CUDA Runtime API :: CUDA Toolkit Documentation

6.34. Interactions with the CUDA Driver API

This section describes the interactions between the CUDA Driver API and the CUDA Runtime API

Primary Contexts

There exists a one to one relationship between CUDA devices in the CUDA Runtime API and CUcontext s in the CUDA Driver API within a process. The specific context which the CUDA Runtime API uses for a device is called the device's primary context. From the perspective of the CUDA Runtime API, a device and its primary context are synonymous.

Initialization and Tear-Down

CUDA Runtime API calls operate on the CUDA Driver API CUcontext which is current to to the calling host thread.

The function cudaInitDevice() ensures that the primary context is initialized for the requested device but does not make it current to the calling thread.

The function cudaSetDevice() initializes the primary context for the specified device and makes it current to the calling thread by calling cuCtxSetCurrent().
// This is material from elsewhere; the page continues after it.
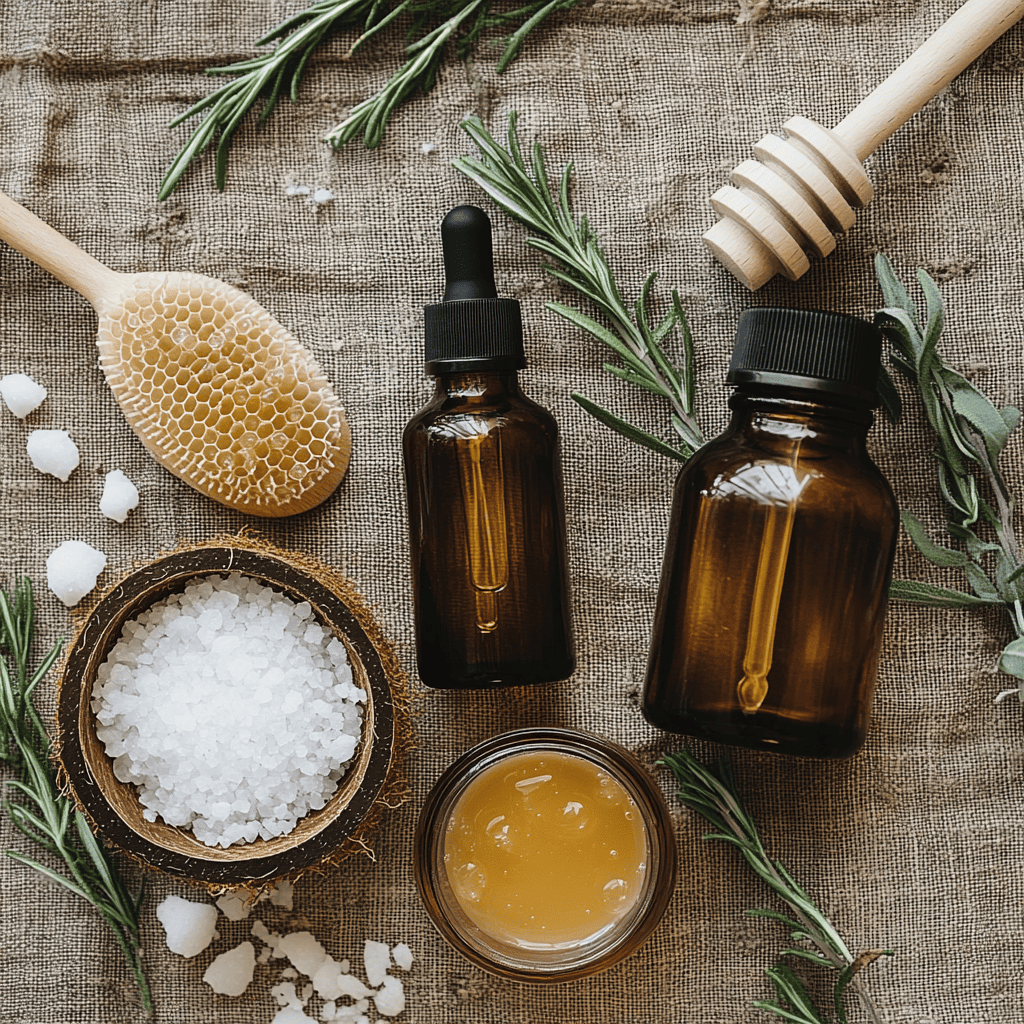 The natural plant essential oil series has been newly upgraded to create an immersive skincare experience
The CUDA Runtime API will automatically initialize the primary context for a device at the first CUDA Runtime API call which requires an active context. If no CUcontext is current to the calling thread when a CUDA Runtime API call which requires an active context is made, then the primary context for a device will be selected, made current to the calling thread, and initialized.
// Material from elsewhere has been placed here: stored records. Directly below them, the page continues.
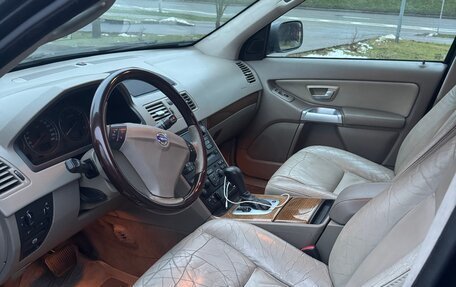 Volvo XC90 II рестайлинг, 2006 год, 800 000 рублей, 12 фотография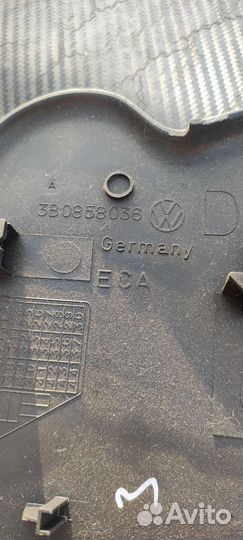 Правая накладка торпеды Пассат Б5+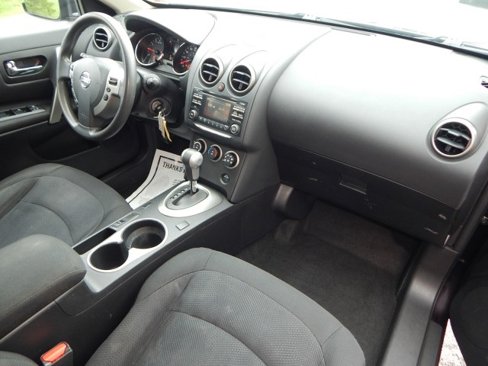 Used 2015 Nissan Rogue S w/ Convenience Package image 16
The context which the CUDA Runtime API initializes will be initialized using the parameters specified by the CUDA Runtime API functions cudaSetDeviceFlags(), cudaD3D9SetDirect3DDevice(), cudaD3D10SetDirect3DDevice(), cudaD3D11SetDirect3DDevice(), cudaGLSetGLDevice(), and cudaVDPAUSetVDPAUDevice(). Note that these functions will fail with cudaErrorSetOnActiveProcess if they are called when the primary context for the specified device has already been initialized, except for cudaSetDeviceFlags() which will simply overwrite the previous settings.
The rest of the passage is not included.